Ella le apretó las manos con más fiereza, clavando la mirada en aquellos ojos extraños y piadosos que tan poco revelaban, salvo una agitación informe y malestar.
“Reza el Padrenuestro conmigo. ‘Padre nuestro que estás en el cielo—’ ”
Entonces sus manos se echaron hacia atrás, con un movimiento tan feroz como el de ella, y los ojos brillaron con una luz irreal. Ella todavía se aferraba a sus muñecas, mirando hacia arriba, paralizada por el miedo ante el cambio y la furiosa hostilidad que brotaba en el rostro. Los labios se retorcieron hacia atrás, medio gruñendo, medio sonriendo. …
—¡Suelta! ¡Suelta! —le siseó—. ¿Qué estás—
“El Padre Nuestro, Laurie… el Pa—”
Se arrancó hacia atrás, golpeándola debajo de la barbilla con la rodilla.
El sofá retrocedió treinta centímetros contra la pared, y él se puso de pie.
Ella permaneció aterrorizada, en estado de shock, mirando hacia arriba el rostro de un rojo apagado que la fulminaba con la mirada desde arriba.
“¡Laurie!

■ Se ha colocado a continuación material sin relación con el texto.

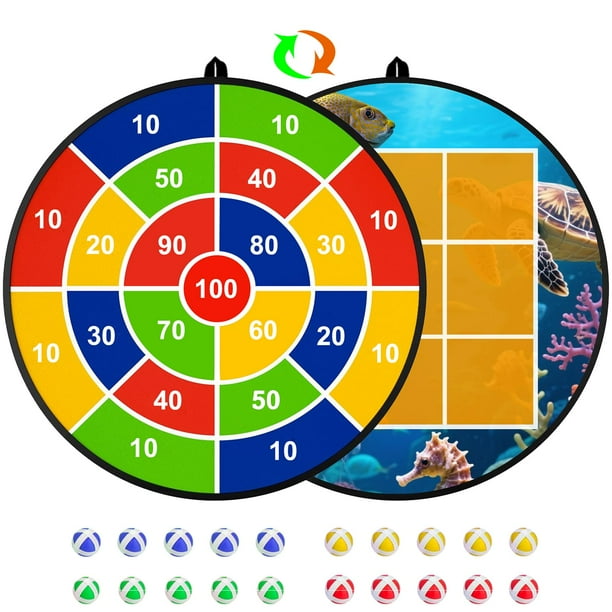 Tablero de dardos para niños Actgan, 66 cm, doble cara, con 20 bolas adhesivas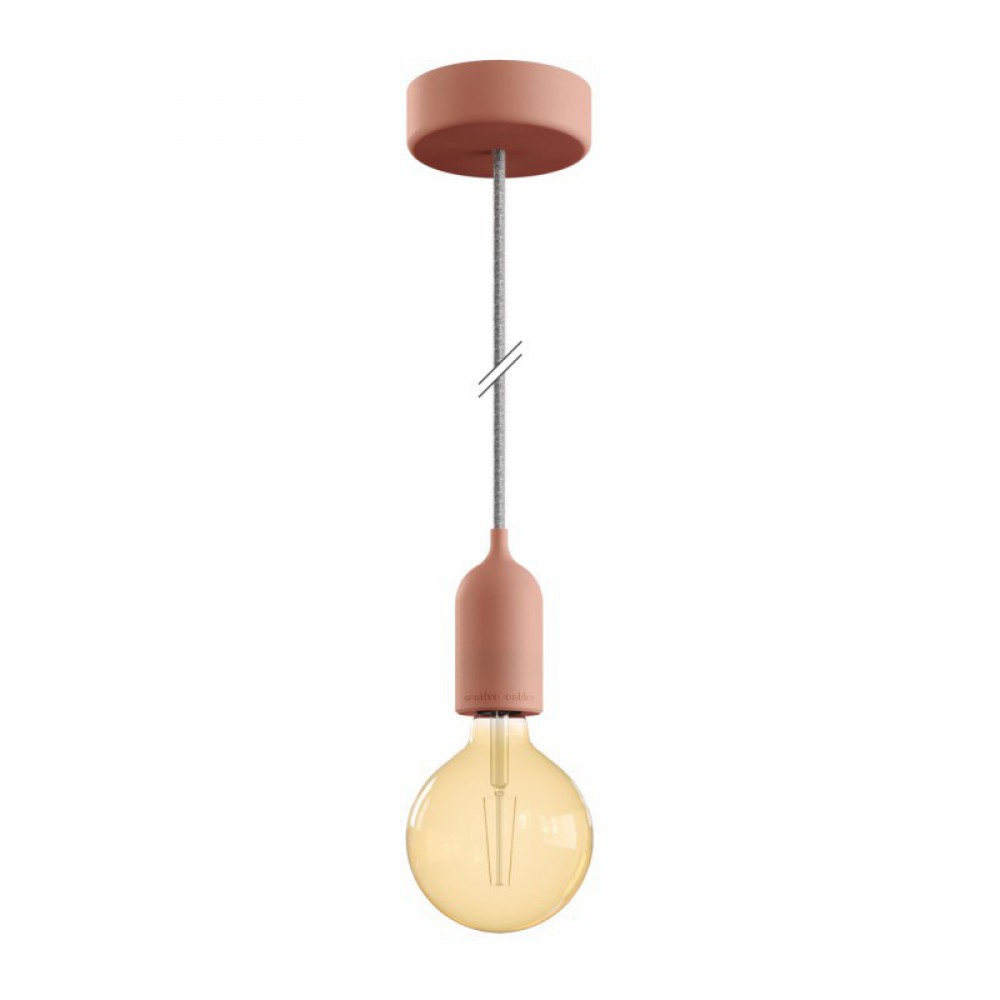 Κρεμαστό Φωτιστικό Εξωτερικού Χώρου EIVA PASTEL Ροζ με 1,5m Υφασμάτινο Καλώδιο, Ροζέτα Σιλικόνης Και Στεγανό Ντουί IP65 - Creative Cables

Laurie! … ¿No lo entiendes? Di una oración—”
—¿Cómo te atreves? —susurró—; ¿cómo te atreves...?
Se levantó de repente, forzando su voluntad a recuperar el autocontrol. Su respiración aún era rápida y jadeante; y esperó hasta volver a respirar con naturalidad. Y durante todo ese tiempo él se quedó mirándola desde arriba con unos ojos de una malevolencia extraordinaria.
—¿Quieres sentarte en silencio y escuchar? —dijo ella—. ¿Quieres hacer eso?